Podemos admitir, um pouco a contragosto, que não foi totalmente despropositada a perda de influência da pintura nos anos 60. É difícil negar que após o expressionismo abstrato tenha havido um hiato, uma falta de novos talentos que assegurassem a vitalidade da técnica. Por mais que se goste de Olistky ou de Richard Diebenkorn, é preciso admitir que após Andy Warhol, o minimalismo e a arte conceitual, a maior parte das pinturas saia sangrando do combate. Não é à toa que Agnes Martin, pintora de uma sutileza sublime, se retrairia, se desinteressaria por todas as discussões do universo da arte, apesar de inicialmente ter sido associada ao minimalismo.  Havia uma incompatibilidade, um novo olhar que não conseguia mais fechar o foco em pintura alguma, o qual ameaçava a sensibilidade que havia até então. Vieira da Silva, mais tarde Phillipe Cognée ou Michael Raedecker podiam apresentar telas mais interessantes do que qualquer capricho anti-artístico, mas a questão insistia como um trauma: boa ou não, a arte está viva?
              
                Retomada
                Para responder, há que se considerar os problemas do outro lado do front. A obra anti-ilusionista do campo expandido requer, em algum momento, um corte, um limite, do contrário a arte engole a realidade toda. Se o campo se expande indefinidamente, o espaço da arte se equivale ao da vida, resultando em uma falsificação dos gestos cotidianos, em uma estetização total da vida. O crítico Rodrigo Naves é um dos raros a dizer expressamente que isto não poderia ser mais alienante. Com o tempo, a tendência é que outros percebam e o digam. Sob o paradigma da antiarte, somente a afirmação dos artistas e dos críticos nos faz aceitar que aquele pôr-do-sol na Iugoslávia é uma exibição de arte, que o simples copo d’água oferecido ao público é performance ou que uma inserção comercial na televisão difere das demais por ter sido feita por um artista. A pintura foi desacredita por ter a “grade” como limite; por outro lado, o limite da arte no campo expandido surge, inevitavelmente, do superego. Requer uma figura de autoridade, seja um artista ostentando o semblante do saber, seja a de um crítico abalizador. Mesmo para as incursões mais “radicais”, a mediação tem se dado principalmente pelo superego, sem o qual não se destaca uma obra de arte de seu entorno.
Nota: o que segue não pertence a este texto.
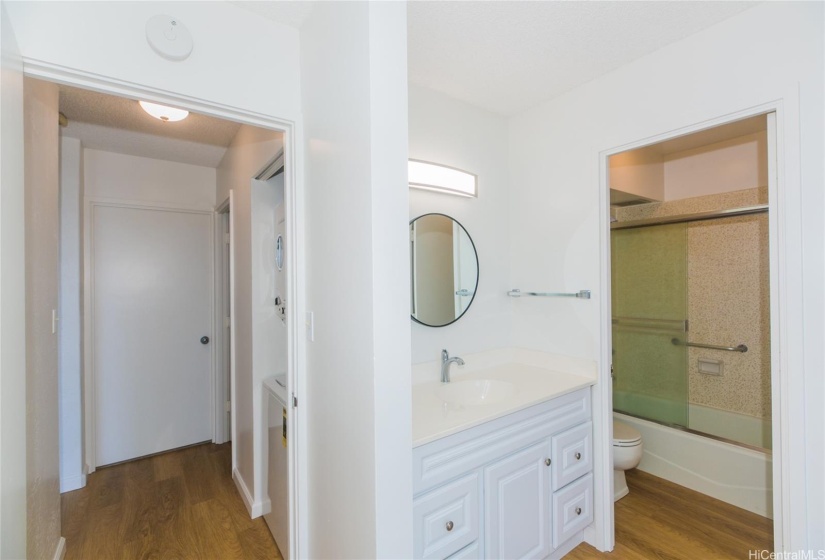 a closer look at the primary bathroom and the washer/dryer in the hall to the left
Como vimos, esparsos elogios ou boas telas não puderam garantir um olhar atento para a pintura, do contrário não teria durado tanto tempo sua sentença fatal. As pinturas continuarão ameaçadas de morte pelas obras com que têm dividido espaços expositivos, ao menos até se perceber o quanto a arte requer confiança na virtualidade, na ilusão. E é justamente neste ponto que a teoria pós-moderna, por mais “atenta a nosso tempo” que  busque ser, está mais distante da nossa sensibilidade do que uma boa pintura. Não se trata de corporativismo, de defesa fanática por uma técnica. Se a pintura vai sobreviver no século XXII, por exemplo, é impossível de prever. Pode ser que simplesmente não apareça mais nenhum pintor bom o bastante para torná-la vibrante. No entanto, dizer hoje que a pintura está morta não pode ser visto como a constatação de uma morte por velhice – seria um assassinato frio e sem sentido. Ainda há gente apontando-lhe a arma, mas felizmente têm uma péssima pontaria. Mais feliz será o dia em que nem precisarmos explicar o por que de a pintura estar viva. No momento, ainda é questão de autodefesa, portanto sejamos rápidos no gatilho.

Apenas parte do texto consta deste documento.